Ich suche How to´s und Programme mit denen ich möglichst einfach eigene Templates erstellen kann.


----------



## kmf (30. Januar 2009)

Soviel ich weiß, gibt es so was nicht, außer vielleicht es geht mit Dreamwever oder Frontpage. Hab ich aber noch nie ausprobiert. Und einfach ist es mit denen wahrscheinlich auch nicht.

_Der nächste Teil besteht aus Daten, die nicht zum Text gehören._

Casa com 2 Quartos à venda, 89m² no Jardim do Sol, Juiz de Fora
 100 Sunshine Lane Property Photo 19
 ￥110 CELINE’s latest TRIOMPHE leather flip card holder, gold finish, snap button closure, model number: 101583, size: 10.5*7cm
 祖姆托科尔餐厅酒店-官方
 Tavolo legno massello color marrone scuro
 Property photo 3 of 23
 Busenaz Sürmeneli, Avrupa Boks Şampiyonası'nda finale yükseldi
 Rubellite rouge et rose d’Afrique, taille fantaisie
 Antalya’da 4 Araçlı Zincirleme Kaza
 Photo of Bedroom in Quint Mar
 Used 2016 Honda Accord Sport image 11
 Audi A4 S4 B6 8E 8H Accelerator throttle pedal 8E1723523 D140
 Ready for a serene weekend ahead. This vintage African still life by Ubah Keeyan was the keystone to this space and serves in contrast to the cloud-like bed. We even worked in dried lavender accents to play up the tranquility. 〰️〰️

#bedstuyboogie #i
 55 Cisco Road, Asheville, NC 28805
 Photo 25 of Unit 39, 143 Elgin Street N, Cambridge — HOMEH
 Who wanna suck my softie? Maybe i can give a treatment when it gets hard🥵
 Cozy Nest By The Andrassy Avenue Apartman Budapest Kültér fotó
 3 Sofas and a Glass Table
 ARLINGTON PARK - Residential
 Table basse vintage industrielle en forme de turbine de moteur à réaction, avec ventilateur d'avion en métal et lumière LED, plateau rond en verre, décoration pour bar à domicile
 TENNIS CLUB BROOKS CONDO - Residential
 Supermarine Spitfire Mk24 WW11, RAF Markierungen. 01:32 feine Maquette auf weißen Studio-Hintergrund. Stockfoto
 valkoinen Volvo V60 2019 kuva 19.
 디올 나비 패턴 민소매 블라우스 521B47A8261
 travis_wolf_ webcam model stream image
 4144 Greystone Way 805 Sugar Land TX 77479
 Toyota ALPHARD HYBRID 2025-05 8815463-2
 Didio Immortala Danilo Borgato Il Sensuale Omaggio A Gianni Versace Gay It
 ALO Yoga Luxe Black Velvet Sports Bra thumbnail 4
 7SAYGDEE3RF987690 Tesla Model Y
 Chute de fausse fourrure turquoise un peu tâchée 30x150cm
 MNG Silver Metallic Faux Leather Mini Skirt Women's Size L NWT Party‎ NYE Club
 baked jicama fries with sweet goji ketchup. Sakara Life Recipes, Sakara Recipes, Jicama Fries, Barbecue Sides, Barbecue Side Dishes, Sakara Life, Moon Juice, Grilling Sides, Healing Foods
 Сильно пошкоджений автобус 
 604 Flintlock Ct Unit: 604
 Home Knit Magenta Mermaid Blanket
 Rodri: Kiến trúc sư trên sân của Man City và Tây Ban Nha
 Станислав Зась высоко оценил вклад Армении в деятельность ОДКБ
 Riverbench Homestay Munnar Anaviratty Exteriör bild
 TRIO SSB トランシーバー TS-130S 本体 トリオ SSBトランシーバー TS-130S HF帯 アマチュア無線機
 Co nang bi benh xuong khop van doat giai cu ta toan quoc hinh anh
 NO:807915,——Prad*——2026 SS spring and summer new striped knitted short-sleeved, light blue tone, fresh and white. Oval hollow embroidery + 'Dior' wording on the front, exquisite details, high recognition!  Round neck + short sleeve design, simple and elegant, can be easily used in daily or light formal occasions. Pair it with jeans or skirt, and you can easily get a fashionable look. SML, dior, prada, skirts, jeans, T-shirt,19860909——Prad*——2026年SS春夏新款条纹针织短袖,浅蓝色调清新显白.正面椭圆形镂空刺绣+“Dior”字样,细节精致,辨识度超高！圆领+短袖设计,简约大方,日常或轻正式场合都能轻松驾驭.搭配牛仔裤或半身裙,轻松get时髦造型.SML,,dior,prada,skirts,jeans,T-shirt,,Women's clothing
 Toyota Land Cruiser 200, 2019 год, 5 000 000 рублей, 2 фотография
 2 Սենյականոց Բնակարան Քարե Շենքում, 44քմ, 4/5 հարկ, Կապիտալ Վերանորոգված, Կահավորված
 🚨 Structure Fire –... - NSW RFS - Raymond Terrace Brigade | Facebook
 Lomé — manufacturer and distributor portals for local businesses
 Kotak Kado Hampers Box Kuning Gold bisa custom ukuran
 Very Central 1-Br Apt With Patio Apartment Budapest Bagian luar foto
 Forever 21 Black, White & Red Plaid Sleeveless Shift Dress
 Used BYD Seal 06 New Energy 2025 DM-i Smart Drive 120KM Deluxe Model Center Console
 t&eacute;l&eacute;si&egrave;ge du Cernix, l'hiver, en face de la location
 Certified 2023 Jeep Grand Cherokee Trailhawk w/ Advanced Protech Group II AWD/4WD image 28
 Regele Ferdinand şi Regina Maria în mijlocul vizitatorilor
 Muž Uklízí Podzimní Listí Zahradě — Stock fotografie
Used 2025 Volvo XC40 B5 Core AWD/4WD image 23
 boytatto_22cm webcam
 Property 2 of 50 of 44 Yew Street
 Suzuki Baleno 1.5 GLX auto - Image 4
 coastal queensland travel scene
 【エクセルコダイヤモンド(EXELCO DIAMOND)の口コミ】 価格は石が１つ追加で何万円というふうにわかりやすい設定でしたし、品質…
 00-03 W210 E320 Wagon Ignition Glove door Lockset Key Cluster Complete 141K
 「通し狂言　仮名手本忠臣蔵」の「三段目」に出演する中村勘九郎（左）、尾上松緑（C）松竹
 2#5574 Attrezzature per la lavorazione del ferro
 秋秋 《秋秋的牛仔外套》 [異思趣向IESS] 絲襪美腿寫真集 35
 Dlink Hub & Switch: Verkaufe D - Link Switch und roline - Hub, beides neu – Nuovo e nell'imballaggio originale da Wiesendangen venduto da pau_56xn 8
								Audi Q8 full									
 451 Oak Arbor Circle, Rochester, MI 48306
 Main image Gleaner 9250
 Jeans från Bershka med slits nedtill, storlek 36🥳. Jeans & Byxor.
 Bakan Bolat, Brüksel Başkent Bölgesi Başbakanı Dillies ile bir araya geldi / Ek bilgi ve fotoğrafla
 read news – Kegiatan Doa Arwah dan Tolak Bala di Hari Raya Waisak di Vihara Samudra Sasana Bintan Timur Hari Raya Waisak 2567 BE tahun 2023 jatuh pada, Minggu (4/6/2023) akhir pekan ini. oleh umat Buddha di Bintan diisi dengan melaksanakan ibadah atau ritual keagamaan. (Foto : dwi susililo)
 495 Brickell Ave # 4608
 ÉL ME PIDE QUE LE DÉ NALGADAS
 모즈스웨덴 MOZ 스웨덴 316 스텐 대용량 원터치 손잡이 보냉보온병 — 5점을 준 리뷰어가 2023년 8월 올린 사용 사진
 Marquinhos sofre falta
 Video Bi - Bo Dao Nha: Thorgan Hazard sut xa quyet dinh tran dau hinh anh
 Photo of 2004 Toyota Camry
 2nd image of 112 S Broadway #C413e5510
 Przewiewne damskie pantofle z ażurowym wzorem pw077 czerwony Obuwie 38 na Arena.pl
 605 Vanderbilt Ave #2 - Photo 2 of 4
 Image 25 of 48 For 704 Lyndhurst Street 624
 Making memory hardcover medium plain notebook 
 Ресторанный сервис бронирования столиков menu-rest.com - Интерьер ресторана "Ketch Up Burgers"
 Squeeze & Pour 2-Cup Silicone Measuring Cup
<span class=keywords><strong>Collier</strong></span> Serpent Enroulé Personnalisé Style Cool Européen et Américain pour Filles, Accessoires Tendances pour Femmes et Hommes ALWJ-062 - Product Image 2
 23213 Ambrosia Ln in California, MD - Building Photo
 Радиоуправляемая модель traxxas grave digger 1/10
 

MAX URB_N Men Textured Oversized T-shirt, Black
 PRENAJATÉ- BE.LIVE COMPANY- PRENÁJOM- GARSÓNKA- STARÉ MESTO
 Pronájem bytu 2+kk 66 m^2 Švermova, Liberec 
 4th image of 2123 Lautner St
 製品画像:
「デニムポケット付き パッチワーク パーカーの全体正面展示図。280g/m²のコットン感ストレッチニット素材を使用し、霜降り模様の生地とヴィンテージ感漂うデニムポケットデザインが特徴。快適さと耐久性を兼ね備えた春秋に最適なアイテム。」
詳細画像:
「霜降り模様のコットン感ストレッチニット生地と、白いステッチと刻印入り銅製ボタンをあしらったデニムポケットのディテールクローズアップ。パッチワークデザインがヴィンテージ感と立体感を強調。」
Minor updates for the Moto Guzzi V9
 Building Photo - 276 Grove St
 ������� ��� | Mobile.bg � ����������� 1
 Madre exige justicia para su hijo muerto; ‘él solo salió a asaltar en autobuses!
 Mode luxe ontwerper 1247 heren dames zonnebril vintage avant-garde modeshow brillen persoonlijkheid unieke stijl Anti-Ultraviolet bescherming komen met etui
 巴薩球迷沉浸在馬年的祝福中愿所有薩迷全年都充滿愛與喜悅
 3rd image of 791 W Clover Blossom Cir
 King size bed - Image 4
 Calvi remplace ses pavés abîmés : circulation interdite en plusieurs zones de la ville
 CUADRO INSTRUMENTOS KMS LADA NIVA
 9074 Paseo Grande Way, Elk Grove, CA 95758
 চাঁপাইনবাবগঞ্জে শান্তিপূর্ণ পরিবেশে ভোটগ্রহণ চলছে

Kann dir aber einen Link geben, wo du dich in die Materie einlesen kannst. Mit Beispielen: Mambo: Templates selber erstellen ? Wikibooks, Sammlung freier Lehr-, Sach- und Fachbücher

Auch hier kannst dich mal umsehen: Joomla CMS Downloads - Templates und Erweiterungen


/Tante Edit sagte mir gerade, da gäbe es doch was dafür: http://www.artisteer.com/?p=template


----------



## k-b (31. Januar 2009)

Templates? Schön und gut, aber für was denn jetzt genau Templates?


----------



## LordMeuchelmord (1. Februar 2009)

Templates für das CMS Joomla!


----------



## aurionkratos (1. Februar 2009)

Das musst du uns schon vorher mitteilen, wenn du was von uns willst


----------



## LordMeuchelmord (1. Februar 2009)

Sry... nur wusste ich halt noch nicht, als ich den Tread erstellt hatte, dass Template nicht gleich Template ist


----------



## k-b (1. Februar 2009)

Am besten funktioniert sowas, wenn man ein bestehendes Template analysiert und umschreibt


----------



## LordMeuchelmord (1. Februar 2009)

Ok, also suche ich mir zuersteimal ein Template, dass vom Aufbau her geeignet ist. 

Kann ich dann auch einfach die Grafiken durch eigene ersetzen, unter der Voraussetzung, dass ich Auflösung, Dateiname und Dateiendung beibehalte, bzw in der entsprechenden CSS-Datei umschreibe?


----------



## k-b (1. Februar 2009)

Ja, das geht natürlich.


----------